Mit dem ersten Sinfoniekonzert Ende August feiert der 62-Jährige seinen Amtsantritt und beginnt zugleich den ersten kompletten Mahler-Zyklus in der Geschichte der Kapelle. „Ich empfinde es als Privileg, mich in meiner ersten Saison mit einem Komponisten befassen zu können, dessen Name neben den Dresdner Hausgöttern wie Wagner eher eine nachgeordnete Rolle spielt: Mahlers sämtlichen Sinfonien widmen wir uns im Laufe der nächsten drei Jahre.“ Die Startsaison steht im Zeichen der „Wunderhorn“-Jahre, welche die ersten vier Sinfonien umfassen. Nach der spätromantischen Ersten folgen unter anderem die Vierte Sinfonie und eine Auswahl von Liedern aus „Des Knaben Wunderhorn“ mit Starbariton Christian Gerhaher.

Erste Premieren erst in der Saison 2025/26

Im April 2025 leitet der Neue erstmals ein Palmsonntagskonzert. Mit dem Staatsopernchor und Solisten läutet er mit Mahlers „Auferstehungssinfonie“ die Osterzeit ein. Im Konzert zum Gedenken an die Zerstörung Dresdens am 13. Februar 1945 bringt er mit Verdis „Messa da Requiem“ Monumentales auf das Konzertpodium, das er aus diesem Anlass vor 20 Jahren dort schon einmal zum Klingen gebracht hatte.

Überhaupt: Gatti leitet sieben der zwölf Sinfoniekonzerte sowie Tourneen – ungewöhnlich viel. Ein Grund: Er ist noch nicht in den Musiktheaterproduktionen des Hauses eingebunden. Das wird aus Termingründen erst in der Saison 2025/26 mit zwei Premieren passieren. Immerhin musiziert ja die Kapelle pro Jahr gut 260 Vorstellungen in Konzert, Oper und Ballett.

Ein neues Gesicht am Pult gibt es etwa im Silvesterkonzert, wenn die US-Amerikanerin Karina Canellakis ihr Debüt feiert. Wiedersehen hingegen sind mit dem Ehrendirigenten Herbert Blomstedt, mit dem Pianisten Rudolf Buchbinder und der Cellistin Sol Gabetta möglich.

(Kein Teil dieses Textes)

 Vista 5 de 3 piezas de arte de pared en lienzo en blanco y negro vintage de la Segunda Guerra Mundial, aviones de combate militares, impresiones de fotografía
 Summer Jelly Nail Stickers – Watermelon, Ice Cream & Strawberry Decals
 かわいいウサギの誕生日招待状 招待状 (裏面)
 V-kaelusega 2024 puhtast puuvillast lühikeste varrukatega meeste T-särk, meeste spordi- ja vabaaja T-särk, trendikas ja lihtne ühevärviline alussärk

Neue Angebote an Alt und Jung

Die neue Leitung der Kapelle hat noch stärker das Publikum im Blick. Unter dem Motto „Kapelle für alle Fälle“ werden künftig die Gelegenheiten zusammengefasst, „in denen das Orchester außerhalb der traditionellen Konzertsituationen auf seine Zuhörer zugeht“, so Orchesterdirektorin Annekatrin Fojuth. Die neue Sparte vereint bewährte und neue Formate. So gibt es ein „Instrumentenkarussell“ für die Jüngsten, moderierte Generalprobenbesuche und die „Concert Lounge“ für all jene, die die Musik in einer entspannten Club-Atmosphäre ausklingen lassen wollen. Das moderierte Sonderkonzert „Natur pur!“ soll alle Generationen ansprechen, wenn die Naturlieder aus „Des Knaben Wunderhorn“ und Beethovens „Pastorale“ zu erleben sind.

Was ihn besonders an der Kapelle fasziniere, wurde Gatti gefragt: Er verwies auf „den Dresdner Goldklang. Jene Kombination aus dem Samt der Streicher, dem strahlenden Blech und den dunklen Nuancen im Holz verleiht diesem Klang eine Farbe, sagen wir, wie ein gut gelagerter dreißigjähriger Cognac.“ Der Vorverkauf läuft.

Capell-Virtuos & -Compositeur

  • In der Saison 2024/25 begrüßt die Staatskapelle mit Frank Peter Zimmermann erstmals einen Capell-Virtuosen für eine zweite Saison. Bereits seit 1992 begeisterte der international gefragte Geiger in der Semperoper.
  • Nach seiner erfolgreichen Zeit als Capell-Virtuos der Saison 2018/19 eröffnet Zimmermann seine zweite Residenz im November mit Schumanns Violinkonzert unter der Leitung von Gatti. Mit Brahms’ Violinkonzert beschließt er im 12. Sinfoniekonzert – ebenfalls unter Gattis Leitung – die Saison.
  • Die Position des Capell-Compositeur ist nach einem Todesfall für die nächste Saison nicht besetzt.